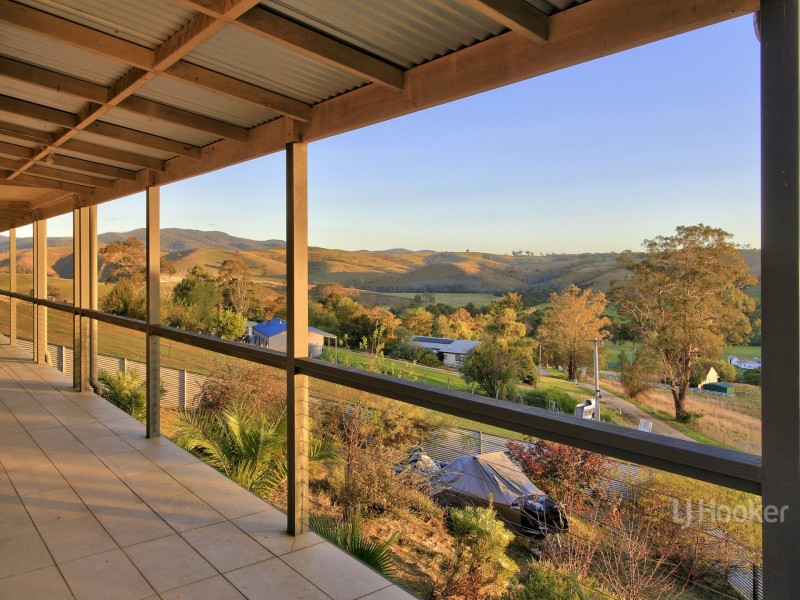 40 Woodgate Road, Buchan VIC 3885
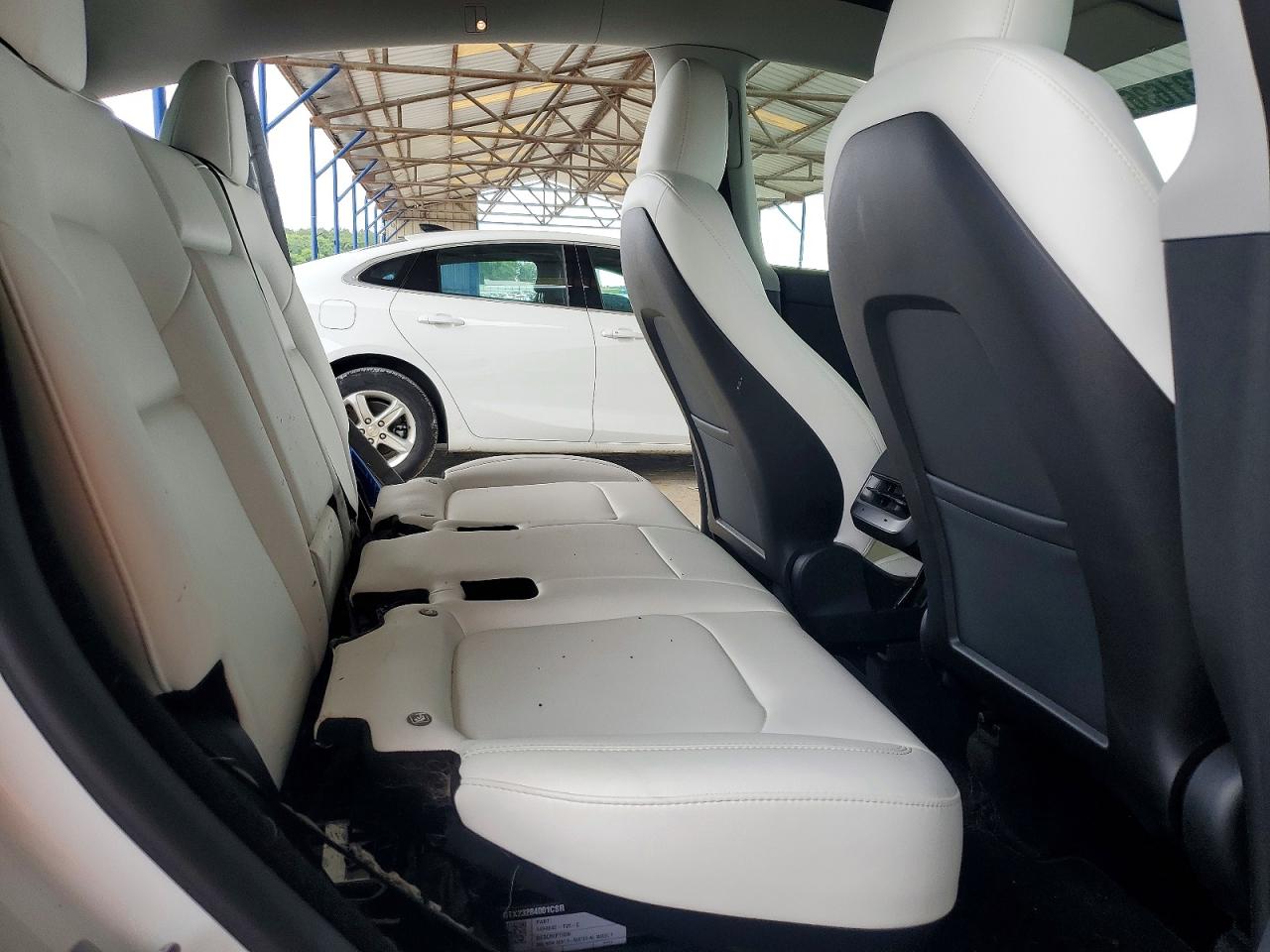 2023 Tesla Model Y White vin: 7SAYGDEE7PA176677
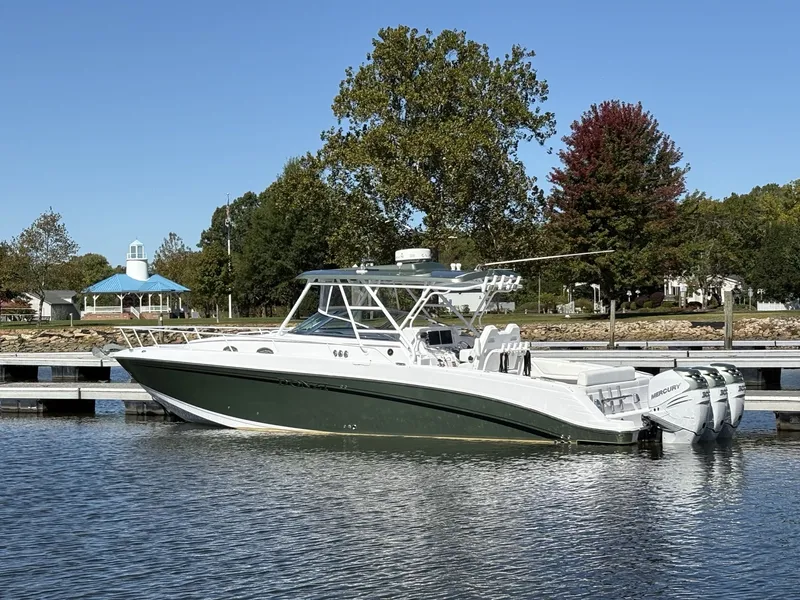 Slide: The Image of Donzi 38 ZSF 2009 - 6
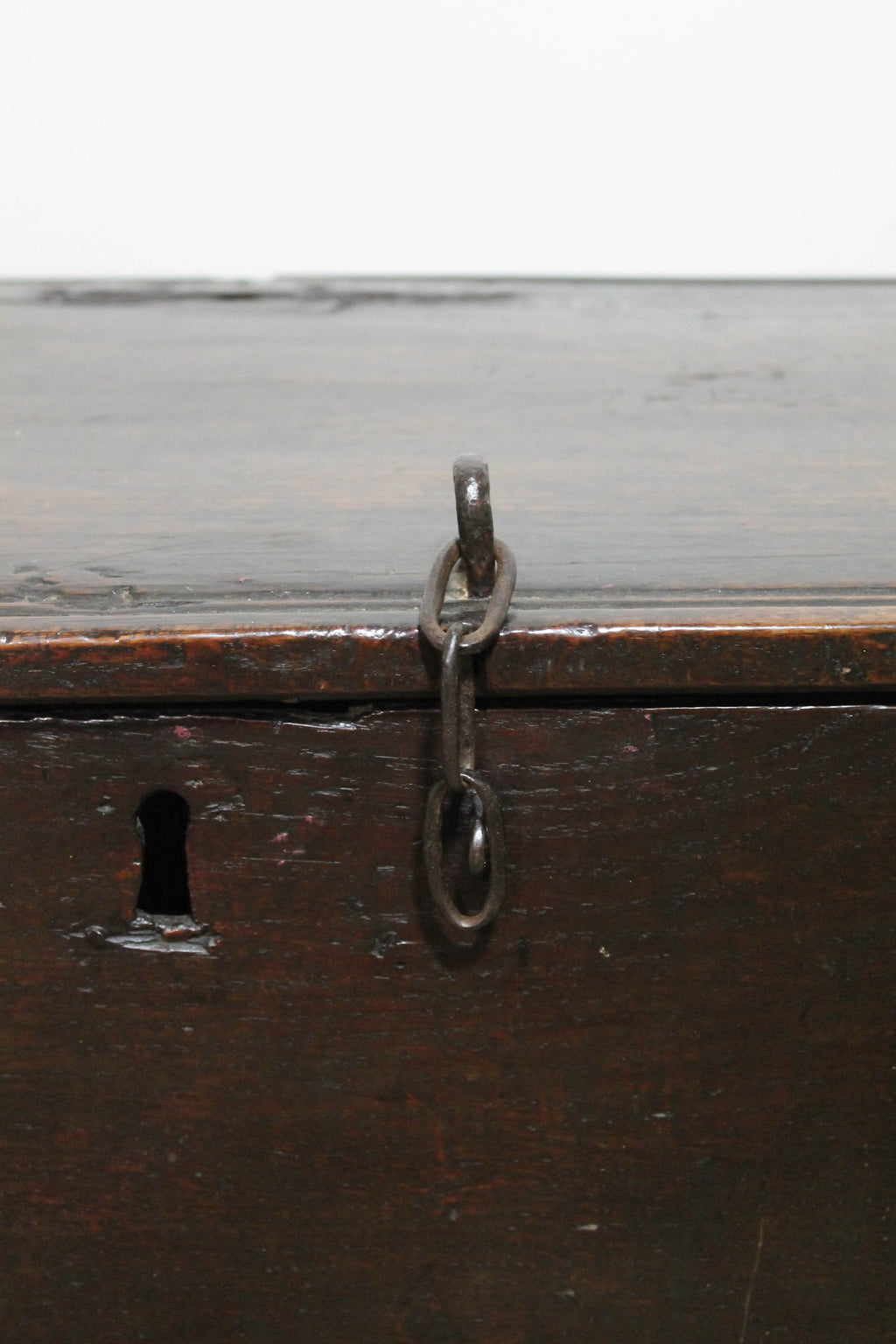 Late 17th century simple English oak boarded chest
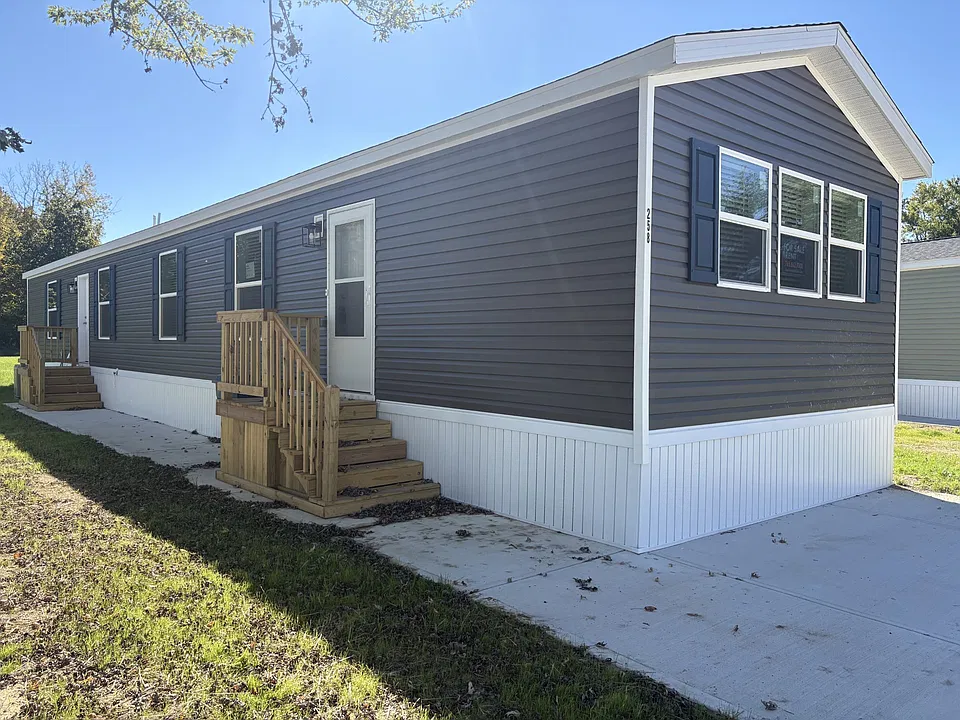 2801 S Stone Rd #258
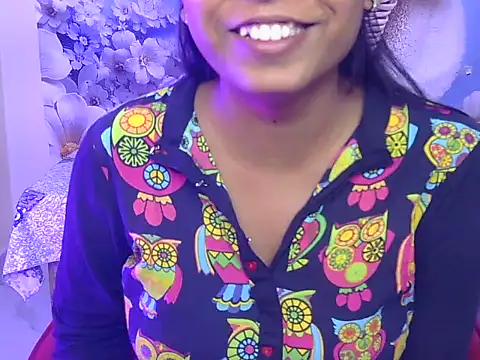 hoty-pinka online show from 03/30/26, 08:16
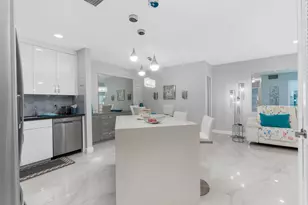 130 Cypress Club Dr, Pompano Beach, FL 33060 - Photo 30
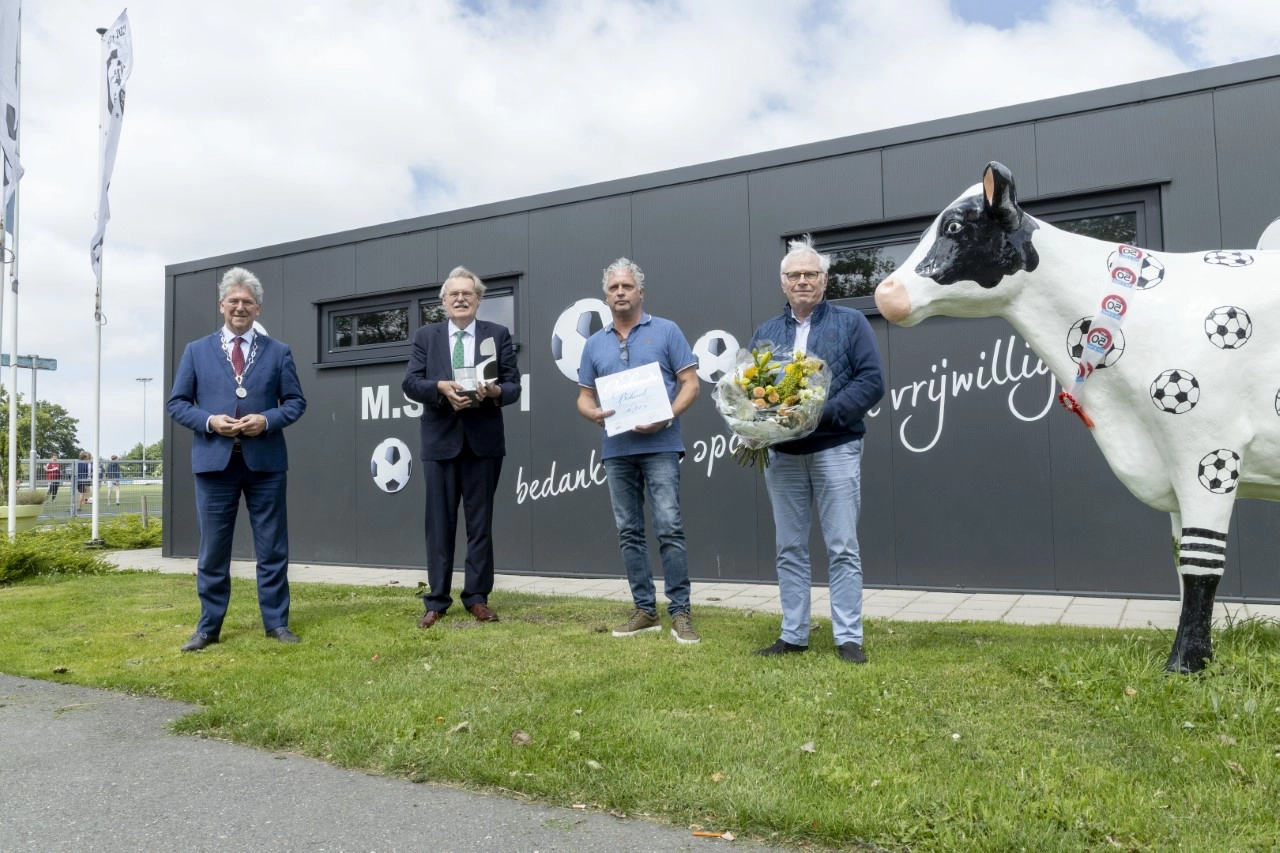 Jarig M.S.V.&rsquo;71 ontvangt Bokaal der Gemeente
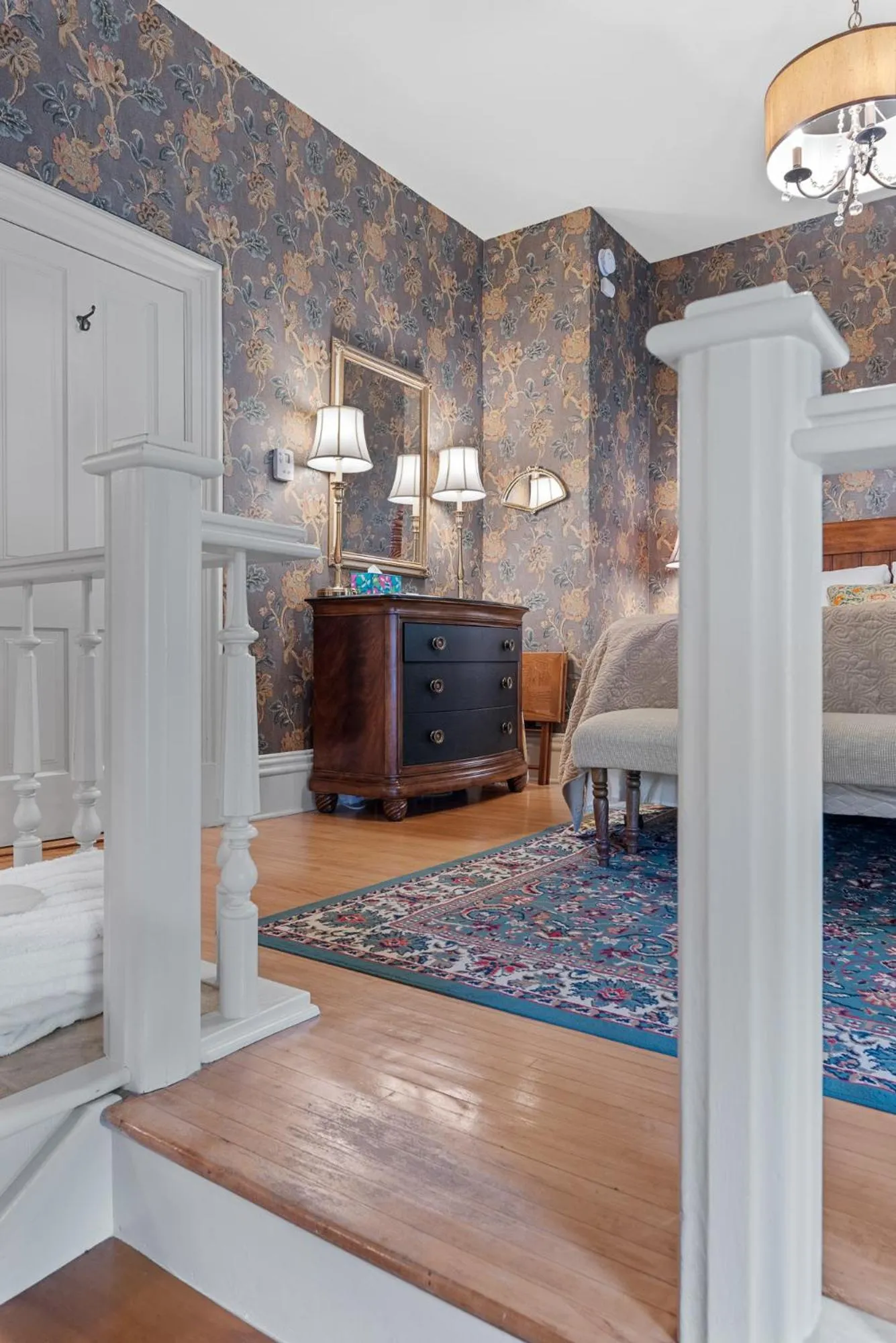 Bed in The Foxglove Inn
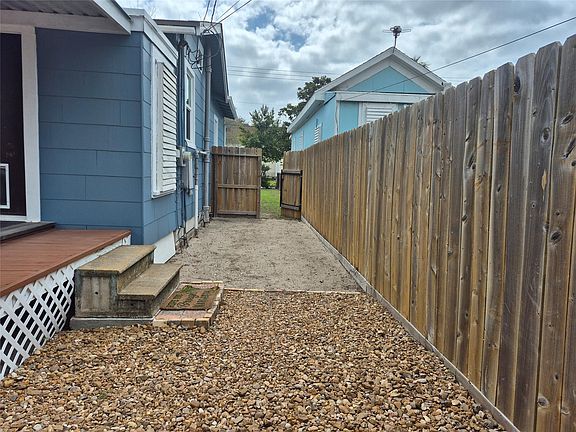 4th image of 5120 Avenue S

┄┄┄┄┄┄┄┄┄┄┄┄┄┄┄┄┄┄┄┄

Drop the pictures, then write out only the lines running from the one containing "2801 S Stone Rd #258" through the last line above, both included, exactly.

> [Exercise response]
 2801 S Stone Rd #258
 hoty-pinka online show from 03/30/26, 08:16
 130 Cypress Club Dr, Pompano Beach, FL 33060 - Photo 30
 Jarig M.S.V.&rsquo;71 ontvangt Bokaal der Gemeente
 Bed in The Foxglove Inn
 4th image of 5120 Avenue S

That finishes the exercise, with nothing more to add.